Op de configuratiepagina bij naamruimtebereik kunt u alternatieve bronnen voor clientverificatienaam inschakelen en vervolgens de velden van het clientcertificaat met de naam van de clientverificatie selecteren.

Schermopname van de pagina naamruimteconfiguratie met alternatieve broninstellingen voor clientverificatienaam.

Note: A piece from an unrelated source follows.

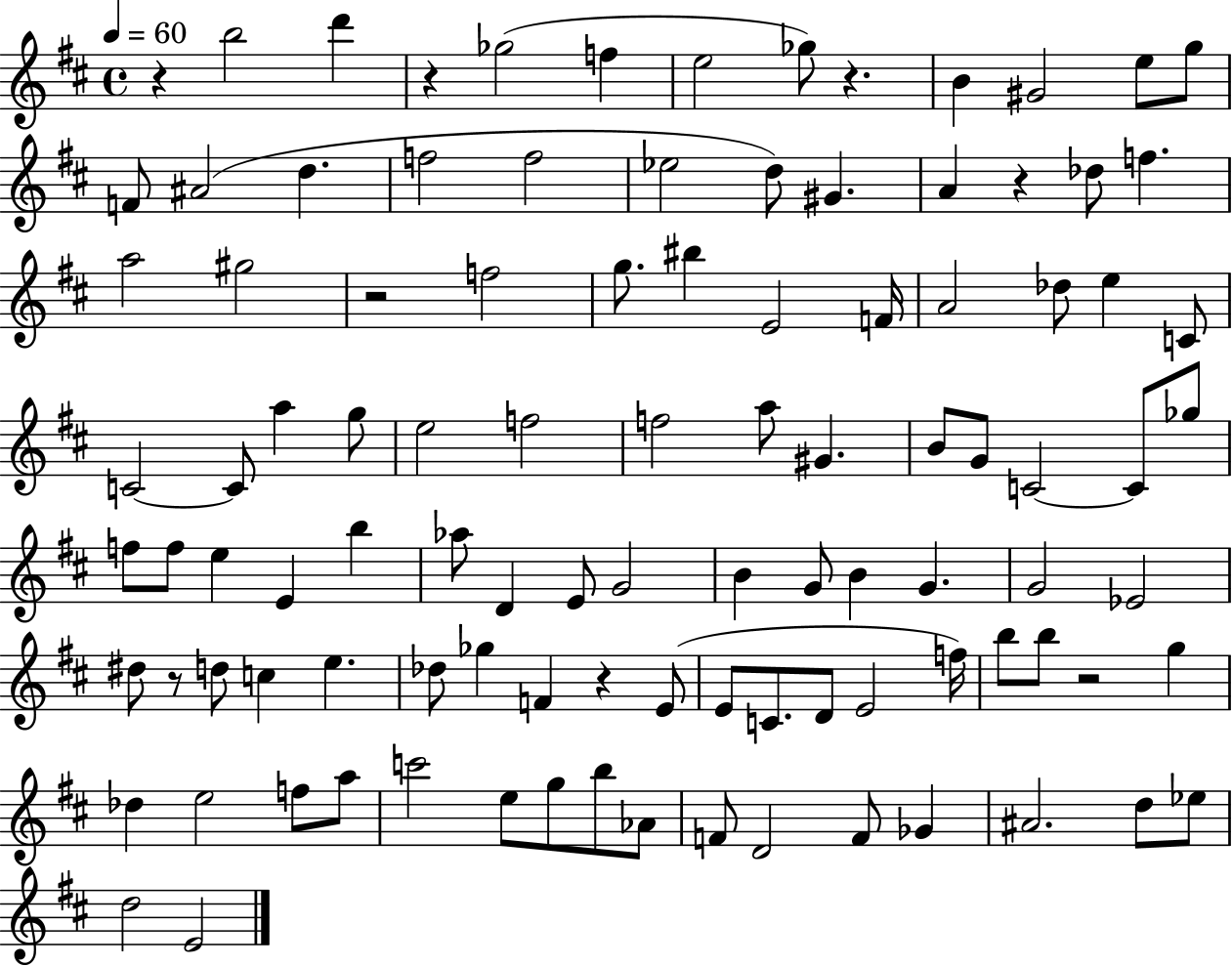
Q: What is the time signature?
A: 4/4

De volgorde van de selectie van de velden van het clientcertificaat op de configuratiepagina van de naamruimte is belangrijk. Service zoekt in dezelfde volgorde naar de naam van de clientverificatie in de velden van het clientcertificaat.

Als u bijvoorbeeld eerst de optie Dns-certificaat selecteert en vervolgens de optie Onderwerpnaam - tijdens het verifiëren van de clientverbinding,

  • de service controleert eerst het DNS-veld alternatieve naam van het onderwerp van het clientcertificaat voor de naam van de clientverificatie
  • als het DNS-veld leeg is, controleert de service het veld Onderwerpnaam van het clientcertificaat
  • als de clientverificatienaam niet aanwezig is in een van deze twee velden, wordt de clientverbinding geweigerd

In beide modi van clientverificatie verwachten we dat de naam van de clientverificatie wordt opgegeven in het veld gebruikersnaam van het verbindingspakket of in een van de velden van het clientcertificaat.

Ondersteunde clientcertificaatvelden voor alternatieve bron van clientverificatienaam

U kunt een van de volgende velden gebruiken om de clientverificatienaam in het clientcertificaat op te geven.

Optie verificatienaambron Certificaatveld Beschrijving
Onderwerpnaam van certificaat tls_client_auth_subject_dn De DN-naam van het onderwerp van het certificaat.
Dns-certificaat tls_client_auth_san_dns De dNSName SAN-vermelding in het certificaat.
Certificaat-URI tls_client_auth_san_uri De uniformResourceIdentifier SAN-vermelding in het certificaat.
Ip-adres van certificaat tls_client_auth_san_ip Het IPv4- of IPv6-adres dat aanwezig is in de IPAddress SAN-vermelding in het certificaat.
E-mailadres van certificaat tls_client_auth_san_email De rfc822Name SAN-vermelding in het certificaat.